Well, I did that, and verified via dbx that the value of ubc_maxpercent was
indeed 50. It didn't change a thing. In fact, I did an even more basic
test: I wrote a couple-line C program that merely fills an N-byte buffer
with junk and a newline in position N, and then writes the result to stdout
until it has written M bytes. With M=100000000, N=1000 and stdout redirected
to a disk file, I got the same misbehavior: After a few seconds, the only
thing that worked on the screen was the pointer, which moved around just fine.
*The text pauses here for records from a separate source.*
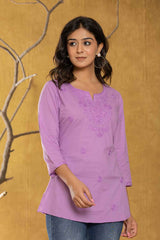 Violet Chikankari Pure Cotton Top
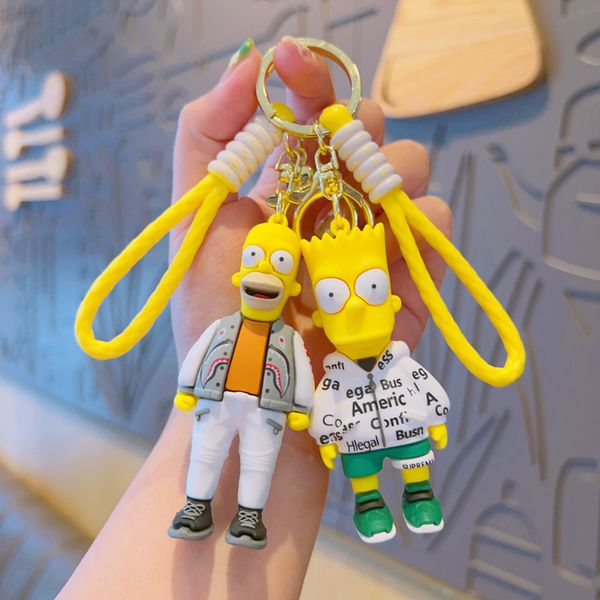 Party Favor Simpson dessin animé silicone porte-clés poupée mignon pendentif poupée sac charme porte-clés petits bijoux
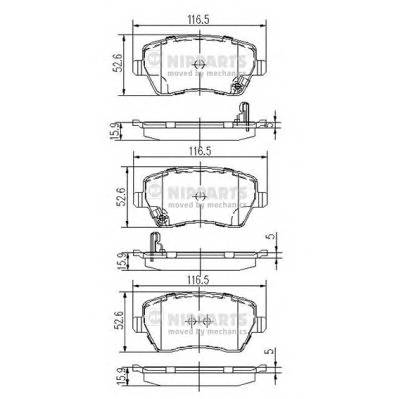 NIPPARTS J3608026 Комплект гальмівних колодок,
But any other operations (changing focus, clicking to change stacking, input
to the active window) simply hung until the disk write completed.
Further evidence that the problem isn't with output buffers: I also wrote a
little C program that merely reads stdin and does nothing with the data. I
redirected its stdin to the 100-MB file generated above. After a few seconds,
most of the stuff on the screen was again hung. This one wasn't quite as
drastic; the hangs typically lasted 5-10 seconds, then everything woke up
and ran like crazy for a few seconds before hanging again.
So it's not just cp that causes the problem. A small loop that just reads
or just writes data from/to a disk file can hang most of the process table.
During both of these tests, I kept a copy of top running in one window with
a 1-sec refresh time. Its output would hang at the same time as everything
else's. This could be either because top itself was hung, or because its
xterm was hung; I don't know how to distinguish these cases. But top itself
is a rather small process (RES=196K), and uses only a couple percent of the
cpu at its highest refresh rate, so the problem isn't only with big programs.
Any other ideas?
[This is a serious "showstopper" to some customers; if it can't be solved, the
next test case will probably be on an NT system, and if that also fails, then
maybe a Solaris or SGI system. ;-]
|